● Task requirements
For this exercise, output exactly and only the lines running from the one with "thumbnail image 3" through the final line of the data below, without pictures.

--- Data for this exercise ---

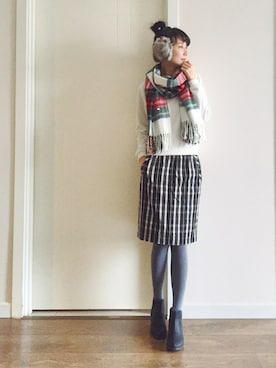 喵喵小桃さん（レディース・160cm）の秋コーディネート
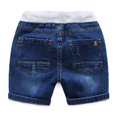 thumbnail image 3 of Spring And Summer Children's Boy's Basic Casual Solid Hole Badange Pockect Shorts Leggings For Boy High Waist Cargo Pants baby&nbsp;clearance, 3 of 3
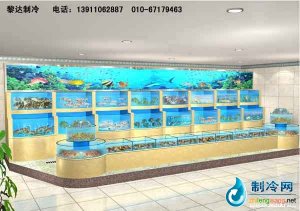 海鮮池魚缸ldzl80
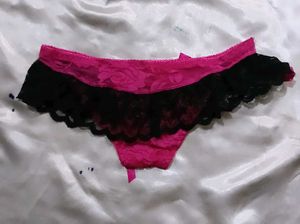 Pink &amp; Black panty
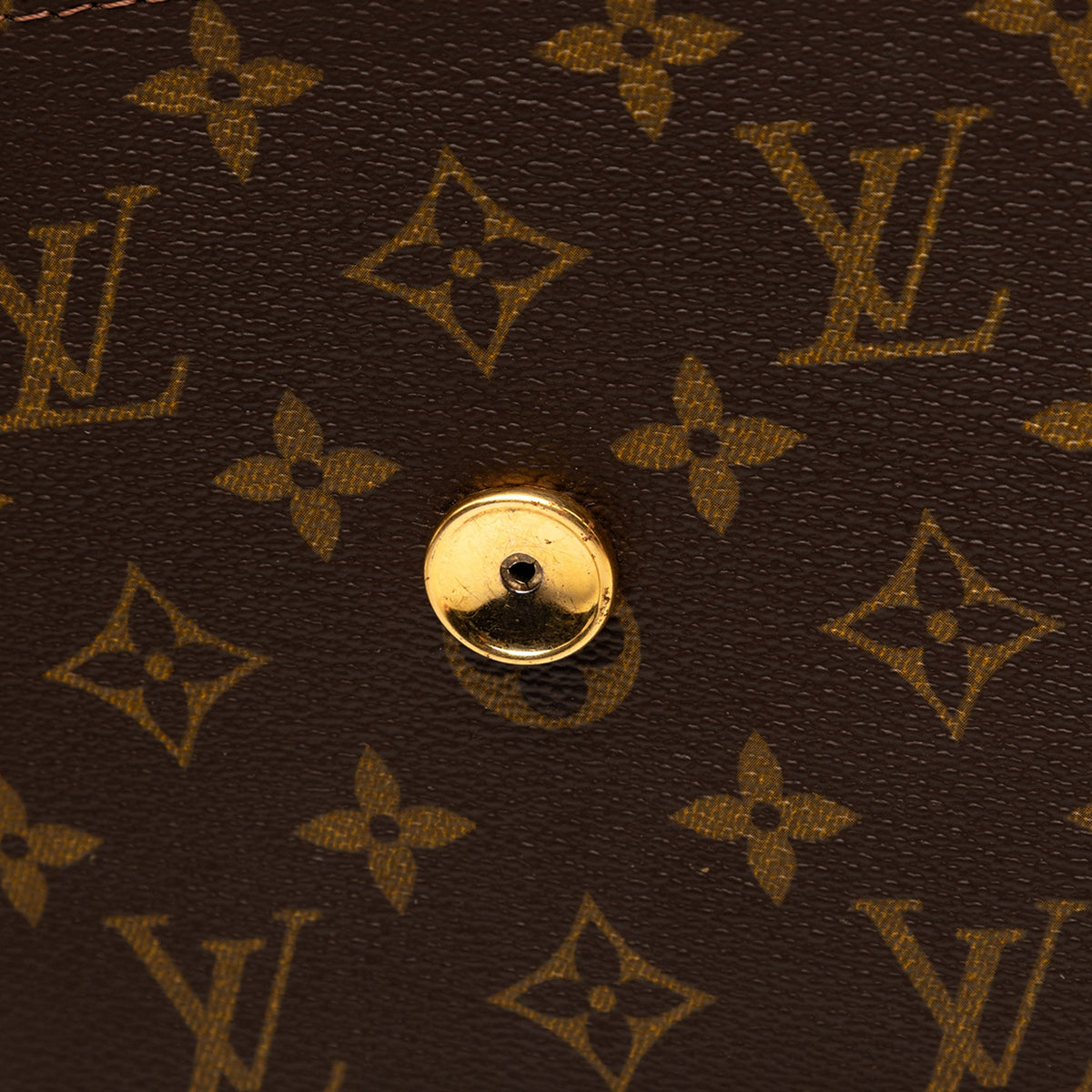 Louis Vuitton Monogram Pochette Dame GM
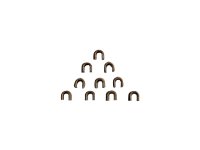 Coreparts - Bussning För Nedre Fixeringsvals - För Hp Laserjet Enterprise P3015, P3015d, P3015dn, P3015n, P3015x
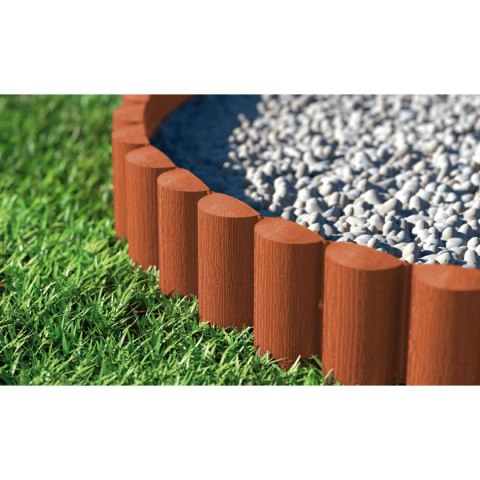 Palisada ogrodowa Cellfast ECO 2,4 m ceglasta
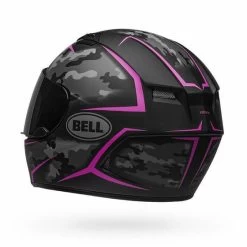 Bell Helmets Qualifier (Stealth Camo) (Medium) (Black/Pink) -Bell bell helmets qualifier stealth camo medium blackpink bl 7107895 21969.1607493169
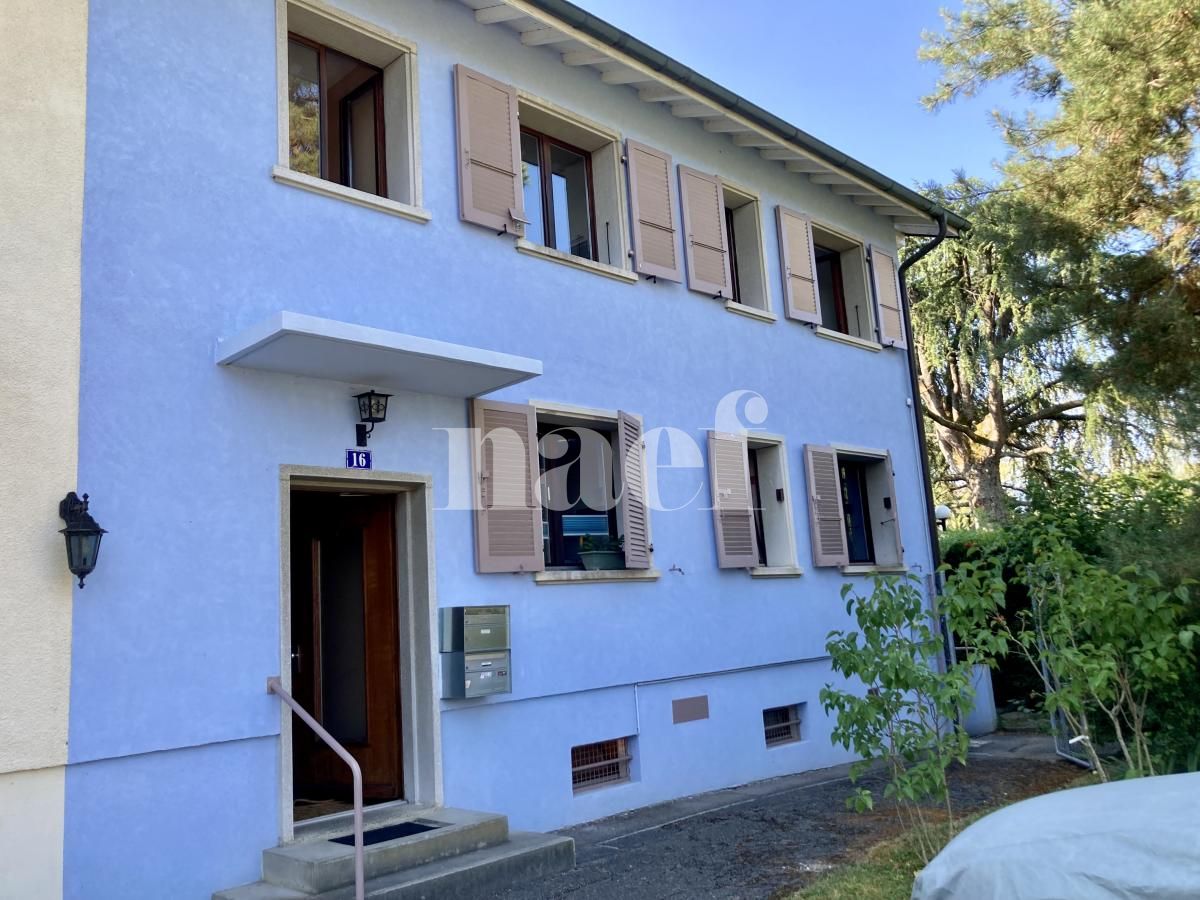 À louer : Appartement 4.5 Pieces Chêne-Bourg - Ref : EC.46300 | Naef Immobilier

---

● Your solution
 thumbnail image 3 of Spring And Summer Children's Boy's Basic Casual Solid Hole Badange Pockect Shorts Leggings For Boy High Waist Cargo Pants baby&nbsp;clearance, 3 of 3
 海鮮池魚缸ldzl80
 Pink &amp; Black panty
 Louis Vuitton Monogram Pochette Dame GM
 Coreparts - Bussning För Nedre Fixeringsvals - För Hp Laserjet Enterprise P3015, P3015d, P3015dn, P3015n, P3015x
 Palisada ogrodowa Cellfast ECO 2,4 m ceglasta
 Bell Helmets Qualifier (Stealth Camo) (Medium) (Black/Pink) -Bell bell helmets qualifier stealth camo medium blackpink bl 7107895 21969.1607493169
 À louer : Appartement 4.5 Pieces Chêne-Bourg - Ref : EC.46300 | Naef Immobilier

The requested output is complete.